'''
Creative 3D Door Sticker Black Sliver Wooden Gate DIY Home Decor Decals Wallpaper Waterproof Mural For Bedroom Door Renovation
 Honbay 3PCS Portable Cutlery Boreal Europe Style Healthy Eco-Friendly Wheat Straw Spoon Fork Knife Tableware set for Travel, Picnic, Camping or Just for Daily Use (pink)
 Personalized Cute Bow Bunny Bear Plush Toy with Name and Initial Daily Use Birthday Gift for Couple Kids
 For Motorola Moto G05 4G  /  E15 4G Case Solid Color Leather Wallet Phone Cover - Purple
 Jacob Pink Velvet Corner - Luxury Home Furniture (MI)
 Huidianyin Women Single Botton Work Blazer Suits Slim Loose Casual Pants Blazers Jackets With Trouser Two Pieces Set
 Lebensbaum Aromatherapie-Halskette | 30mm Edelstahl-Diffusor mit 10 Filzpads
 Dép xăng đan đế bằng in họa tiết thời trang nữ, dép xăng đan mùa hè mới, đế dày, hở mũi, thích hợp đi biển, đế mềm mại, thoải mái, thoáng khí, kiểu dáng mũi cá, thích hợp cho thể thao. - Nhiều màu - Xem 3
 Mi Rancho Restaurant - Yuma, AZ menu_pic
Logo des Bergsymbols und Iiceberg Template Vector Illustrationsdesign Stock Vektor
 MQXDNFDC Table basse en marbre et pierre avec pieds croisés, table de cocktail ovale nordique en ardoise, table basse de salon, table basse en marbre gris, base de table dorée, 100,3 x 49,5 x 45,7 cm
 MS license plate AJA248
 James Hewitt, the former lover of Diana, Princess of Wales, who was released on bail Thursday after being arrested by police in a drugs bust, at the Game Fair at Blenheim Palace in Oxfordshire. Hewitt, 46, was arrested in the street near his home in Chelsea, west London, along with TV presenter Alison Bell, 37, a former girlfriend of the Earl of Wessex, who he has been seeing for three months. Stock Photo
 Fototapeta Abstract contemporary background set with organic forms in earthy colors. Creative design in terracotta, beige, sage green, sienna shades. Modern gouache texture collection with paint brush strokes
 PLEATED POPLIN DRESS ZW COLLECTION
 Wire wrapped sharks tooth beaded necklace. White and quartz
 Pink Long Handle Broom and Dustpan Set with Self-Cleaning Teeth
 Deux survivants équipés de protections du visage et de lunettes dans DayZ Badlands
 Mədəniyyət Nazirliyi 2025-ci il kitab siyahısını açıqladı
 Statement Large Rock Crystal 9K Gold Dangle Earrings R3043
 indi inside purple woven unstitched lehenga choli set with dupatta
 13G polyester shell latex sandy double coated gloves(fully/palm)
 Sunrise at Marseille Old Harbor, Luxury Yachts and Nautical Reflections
'''
▸ Action item: Please go through the data and copy each line containing the word "Creative".

▸ Task response:
Creative 3D Door Sticker Black Sliver Wooden Gate DIY Home Decor Decals Wallpaper Waterproof Mural For Bedroom Door Renovation
 Fototapeta Abstract contemporary background set with organic forms in earthy colors. Creative design in terracotta, beige, sage green, sienna shades. Modern gouache texture collection with paint brush strokes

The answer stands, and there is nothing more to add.